# channel info



## DBSSTEPHEN (Oct 13, 2009)

nbc sports network is moving to channel 220


----------



## dpeters11 (May 30, 2007)

If that's true, not optimal. They should move 219 to 220 and then make NBC Sports 219. You have a date?


----------



## TheRatPatrol (Oct 1, 2003)

dpeters11 said:


> If that's true, not optimal. They should move 219 to 220 and then make NBC Sports 219. You have a date?


Theres nothing on 219 or 220 now. They could move it to 219 and make 220 the alternate channel.


----------



## dpeters11 (May 30, 2007)

"TheRatPatrol" said:


> Theres nothing on 219 or 220 now. They could move it to 219 and make 220 the alternate channel.


On mine, Now is on 219 if I switch off my custom guide. It's a shopping network. 220 is open.


----------



## TheRatPatrol (Oct 1, 2003)

dpeters11 said:


> On mine, Now is on 219 if I switch off my custom guide. It's a shopping network. 220 is open.


When I type in 219 it says channel not available.


----------



## dpeters11 (May 30, 2007)

"TheRatPatrol" said:


> When I type in 219 it says channel not available.


Weird, when I tuned to it, I get TV One, which doesn't match the guide info.


----------



## Unknown (Oct 16, 2007)

I don't believe this at all. if this was true, would we been seeing reports from directv on it. I just tweet to Directv on this on there twitter account. Will reply if i get a respond.


----------



## dpeters11 (May 30, 2007)

Not necessarily, we sometimes know about new channels before they post it, and that's bigger news than a channel moving. However, those come from the best sources or known data. In this case, I'm still waiting for H2 HD.


----------



## Shades228 (Mar 18, 2008)

TheRatPatrol said:


> When I type in 219 it says channel not available.


Custom guide?


----------



## studechip (Apr 16, 2012)

Shades228 said:


> Custom guide?


I don't have 219 in my custom guide, but it goes to it if I direct enter it.


----------



## banditt76 (Jul 18, 2012)

I really hope this is true. It really is out of place right now on 603. Maybe they will move NBCSN to 220 and CBSSN to 219. I would be happy with that.


----------



## 6tv's (Mar 1, 2008)

This is good to hear. This now opens the perfect slot for HRTV, yes I said HRTV, I still have some hope left that DirecTV might be willing to finally give us horeseracing fans what we've been asking for many years. I really hope that the people at DirecTV who make these type of decisions to add channels consider HRTV. We have multiple sports channels of college and pro, but just one for horseracing. I know there are others here who also want this channel, so please let me and most importantly DirecTV know you want HRTV.


----------



## JoeTheDragon (Jul 21, 2008)

TheRatPatrol said:


> Theres nothing on 219 or 220 now. They could move it to 219 and make 220 the alternate channel.
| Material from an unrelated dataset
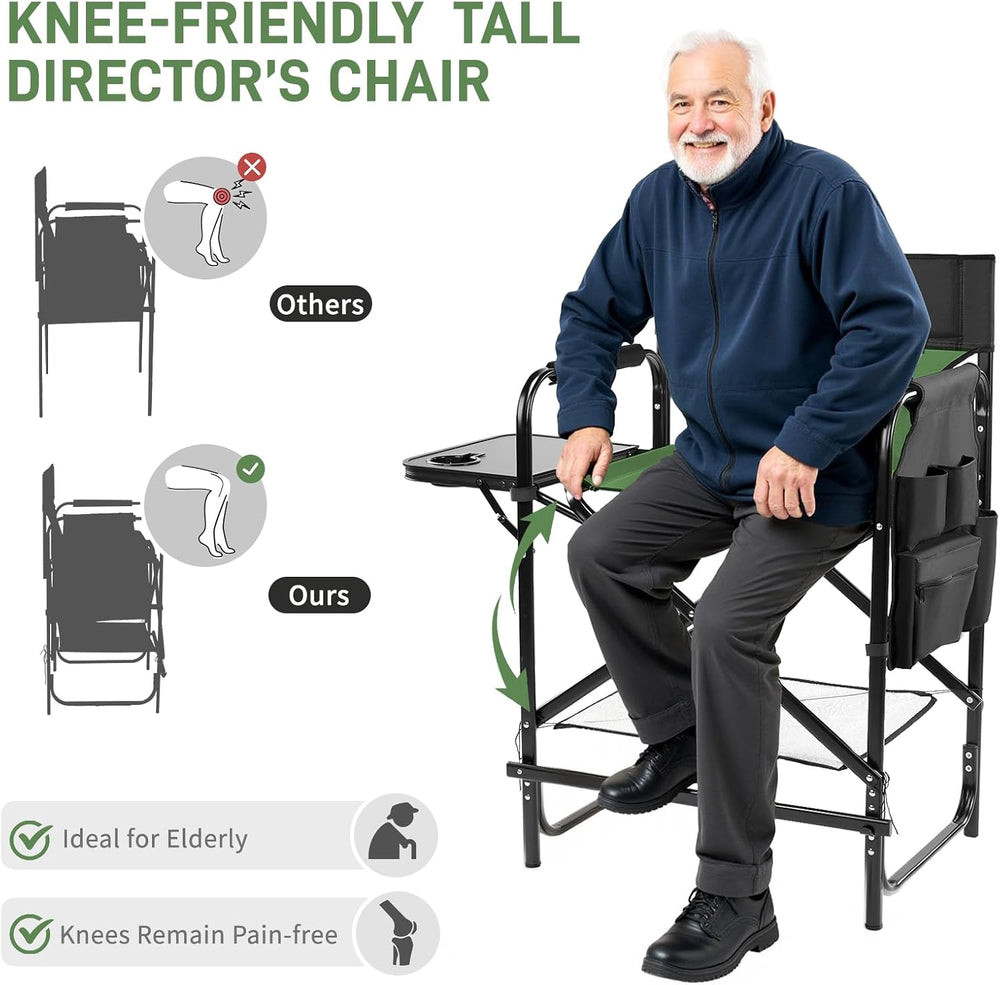 Outvita 4 Piece 26" Tall Directors Chair Height Seat Folding with Side T...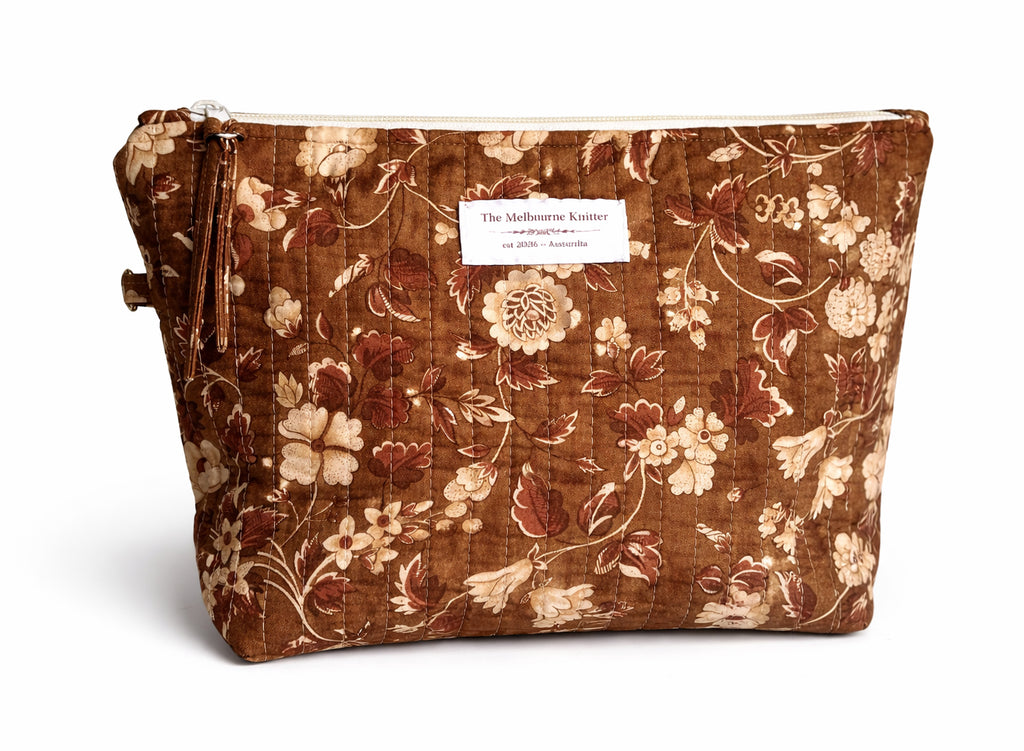 Project Pouch - Chocolate Floral - Small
604 is no longer the ALT channel It's gone.

Now with the new tv playoff plans it's not really needed.

And they can make 219 alt.

Pursuit Channel now on 604.

608 now FOX College Sports ALT. Will be come a big alt out freeing up 615?


----------



## raott (Nov 23, 2005)

6tv's said:


> This is good to hear. This now opens the perfect slot for HRTV, yes I said HRTV, I still have some hope left that DirecTV might be willing to finally give us horeseracing fans what we've been asking for many years. I really hope that the people at DirecTV who make these type of decisions to add channels consider HRTV. We have multiple sports channels of college and pro, but just one for horseracing. I know there are others here who also want this channel, so please let me and most importantly DirecTV know you want HRTV.


+1


----------



## JoeTheDragon (Jul 21, 2008)

6tv's;3067290 said:


> This is good to hear. This now opens the perfect slot for HRTV, yes I said HRTV, I still have some hope left that DirecTV might be willing to finally give us horeseracing fans what we've been asking for many years. I really hope that the people at DirecTV who make these type of decisions to add channels consider HRTV. We have multiple sports channels of college and pro, but just one for horseracing. I know there are others here who also want this channel, so please let me and most importantly DirecTV know you want HRTV.


well they need to regroup the big ten channels.

space save for CSS, CSN NW, CSN Philly + TCN / CSN Philly +.

Add

FS new Orleans sub feed.

CSN Houston + Plus feed / CSS Houston feed?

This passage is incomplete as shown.